Can we progress to a culture-independent approach? Can we apply high-throughput sequencing not just to epidemiology, but also to the detection, and even discovery, of microbial pathogens? The answer is a qualified yes, with four approaches jostling for our attention.

Firstly, high-throughput sequencing has already breathed new life into well-established community-profiling approaches that exploit amplification of molecular bar codes, such as 16S ribosomal RNA gene sequences [8]. This is delivering ever more detailed surveys of the various human- and animal-associated microbiomes. However, such techniques often fail to distinguish pathogenic species or strains from their closest non-pathogenic relatives (such as Shigella from E. coli; Streptococcus pneumoniae from Streptococcus mitis; enterovirulent E. coli from commensal strains), so, in diagnostic terms, this approach is probably best seen as a way-station to more informative methods that will emerge in the future.

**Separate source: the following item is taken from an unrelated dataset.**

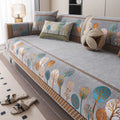 Boho Full Moon Tree Jacquard Chenille Sofa Cover for Living Room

Secondly, we can use metagenomics for diagnostic purposes. This approach involves extracting and sequencing all the DNA from a sample. Clinical specimens will contain variable amounts of human DNA, which may create genetic privacy issues. Human DNA may also swamp the microbial DNA, although with extremely high depth of coverage, sufficient microbial DNA sequences could, at least theoretically, be recovered to reconstruct genomes. However, using current sequencing technologies, metagenomics is still a long way from providing genome-scale information for each member of a microbial community equivalent to that obtained from microorganisms isolated in pure culture. For this approach to come of age, we need a sequencing platform that combines speed and cost-effectiveness with very long read lengths and extremely high throughput - a plausible, but not certain, prospect for the coming decade.

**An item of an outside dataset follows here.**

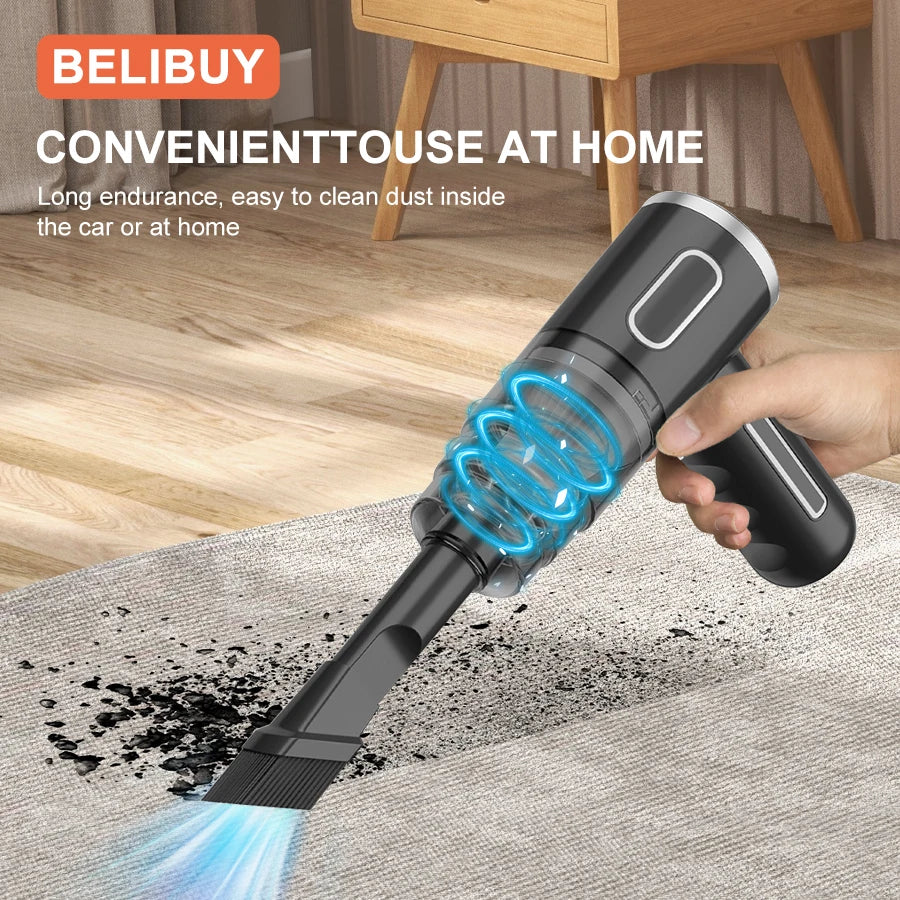 BELIBUY Vacuum Cleaner – Car, Portable Wireless, Mini Powerful Cleaner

Metatranscriptomics - extracting RNA and then creating and sequencing cDNA - provides a third way forward. This approach has already proven successful in the discovery of new viral pathogens and can also be used to investigate the activities of bacterial communities [9]. Human RNA will also be found in clinical samples sent for microbiological investigation. However, instead of dismissing this as mere contamination, analysis of human transcripts in such samples is likely to provide additional information about a patient's condition. For example, a transcriptional profile associated with inflammation might provide evidence of infection rather than just colonization at a given body site.

A fourth option is to abandon attempts to sequence nucleic acids isolated from whole populations, but instead to use cell sorting or allied techniques to isolate and genome-sequence sub-populations or, in extremis, single cells. Such approaches have proven successful in the research environment, but seem a remote prospect in the clinical laboratory [10]. How soon before we can obtain a chlamydial genome sequence from a urine sample or a mycobacterial genome sequence from a few millilitres of cerebrospinal fluid?

So, will high-throughput sequencing render culture-based approaches redundant? Here, we face another chorus of caveats, centred on the fact that it is not always possible to predict phenotype from genotype. In some cases - for example, sensitivity testing in tuberculosis - we already have a good evidence base on which to judge whether a given mutation is likely to lead to resistance. Similarly, detection of sequences encoding enzymes associated with virulence (such as Shiga toxin) or resistance (such as an extended-spectrum beta-lactamase) will have reasonable predictive value. But one has to remember that many differences in phenotype rely on subtle changes in expression, often of multiple genes, and that a single base-pair change in a promoter or coding sequence can ablate the function of a gene or its associated protein. Therefore, it would be foolish to imagine that sequencing will replace culture for every application in clinical bacteriology. Instead, just as radio survived the advent of TV, culture will remain a part of the discipline, but widespread adoption of sequence-based approaches might mean that it becomes restricted to a limited number of settings.

In conclusion, there are many rivers to cross before medical microbiology becomes simply a branch of genomic medicine, but perhaps the promised land is in sight.